When the factory is running at its full production rate of 2,000 aircraft a year, scheduled to be achieved by the end of 1997, 172s will make up about half the output. The 172 accounts for about 65% of Cessna's single-piston backlog, the larger 182 about 15% and the utility 206 about 20%.

Restarting piston-single production has enabled Cessna to reshape its relationships with suppliers, enabling it to reduce its inventory costs by requiring just-in-time delivery of expensive items such as avionics and engines. Avionics supplier AlliedSignal Aerospace has a permanent presence at Independence, where it receives, stores, tests and assembles complete ship sets of avionics for installation as aircraft come off the line.
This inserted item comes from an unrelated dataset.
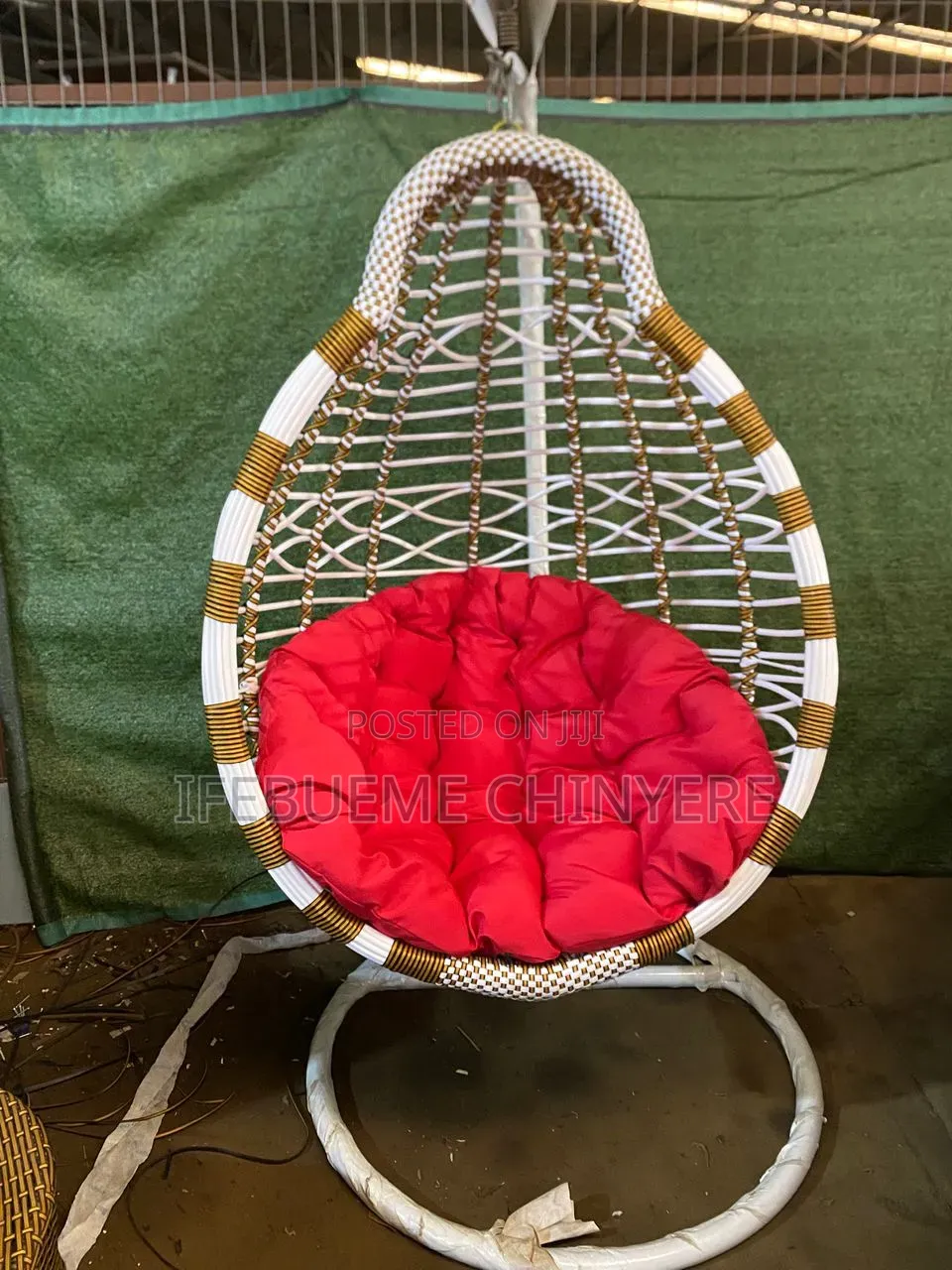 Gold and White Pawpaw Head Design Swinging Chair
Cessna is not billed for the avionics until each aircraft has been test-flown and received its certificate of airworthiness.

Cessna's sister company, Textron Continental, is responsible for delivering fully built-up engines ready for bolting on to aircraft as they roll off the line. A "supplier city" has been set up in a hangar at Independence where vendor components are warehoused until required on the assembly line. In addition, detail parts for the piston singles are fabricated at other Cessna plants in economical batches, but delivered to the final-assembly plant as required. All these measures reduce Cessna's inventory costs.
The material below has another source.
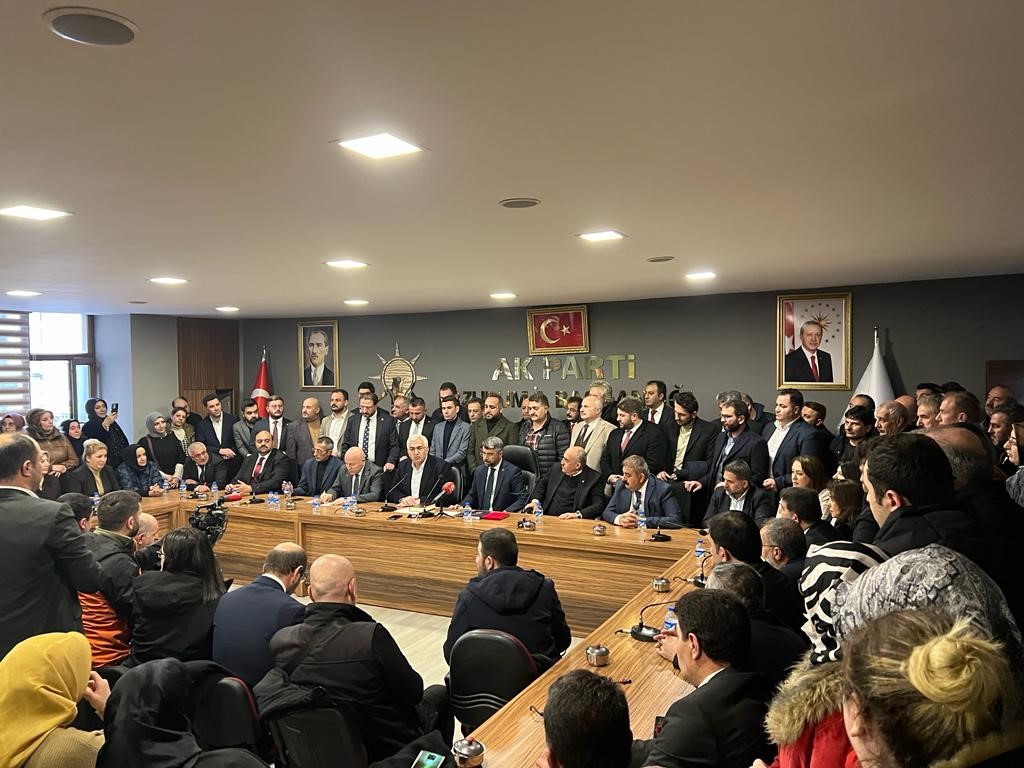 ERZURUM MİLLETVEKİLİ ADAY ADAYLIĞI İÇİN GÖREVİNDEN İSTİFA EDEN MEHMET EMİN ÖZ, İL BAŞKANLIĞINA ATANAN İBRAHİM KÜÇÜKOĞLU'NA GÖREVİNİ DEVRETTİ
The Independence workforce has largely been recruited locally, and will reach 300 by the end of 1996, and 900 by the end of 1997, when the full 2,000-aircraft production rate will be achieved. Cessna plans to build almost 600 Skyhawks in 1997, plus 300 Skylanes. Production of the 172 will increase to "at least" 1,000 in 1998, plus some 600 182s and 400 206s.

Inevitably, Cessna is already looking beyond its existing designs at its next generation of piston singles and its thinking is likely to be influenced by the new aircraft from companies such as Cirrus. The Duluth, Minnesota-based company intends the SR20 to be the first in a family of new GA aircraft. The initial aircraft, priced at $144,500, competes with the 172 and already the company is planning a more powerful version to compete with the 182.
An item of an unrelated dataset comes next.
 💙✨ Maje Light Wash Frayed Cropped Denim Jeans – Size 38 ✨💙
Cirrus has flown two prototypes of the SR20, powered by a 150kW (200hp) Continental giving a cruise speed of 160kt (295km/h). A certification flight-test aircraft is scheduled to be flown in the second quarter of 1997. Cirrus, meanwhile, is gearing up for production and has began construction of a manufacturing plant in Grand Forks, North Dakota, where composite components for the SR20, including the wing, will be fabricated.

The aircraft will be assembled at Duluth, but Cirrus has undertaken that assembly and flight tests of a future design, designated the SRX, will take place at Grand Forks. State and local governments at both locations have been instrumental in helping former kitplane maker Cirrus arrange funding for its venture into light-aircraft production.

Similarly, Redmond, Oregon-based Lancair is making the transition from kit-built to factory-produced aircraft. Its first production machine is the LC40, a competitor for the Cessna 182. Powered by a 230kW Continental IO-550, the low-wing, tricycle-gear, LC40 is based on Lancair's ES four-seat kitplane design. An aerodynamic prototype of the LC40 was flown in July, and the certification flight-test aircraft is expected to be flown by January 1997. The all-composite machine is priced at $180,000, with instrument-flight-rules avionics, compared with $190,600 for a similarly equipped 182.

The LC40 has a cruise speed of 190kt, although Lancair is looking at using a 225kW engine to reduce noise. A version with a 115kW power plant is planned for the flight-training market, to compete with the 172 and SR20. Lancair will build the LC40 at a new factory being constructed at Redmond's Bend airport.

Healthy order book

The company says that it holds 56 orders for the LC40, and plans to manufacture 140 in the first full year of production. Cirrus holds more than 125 deposits on SR20s, which it is now converting to firm orders "with about a 55% conversion rate," says Klapmeier.

New designs are also on the way from companies such as Diamond Aircraft and New Meyers Aircraft, both of which are working on new four-seaters. While the numbers are still small compared with Cessna's planned output, they are a sign that the GA-revitalisation legislation may yet have the desired effect.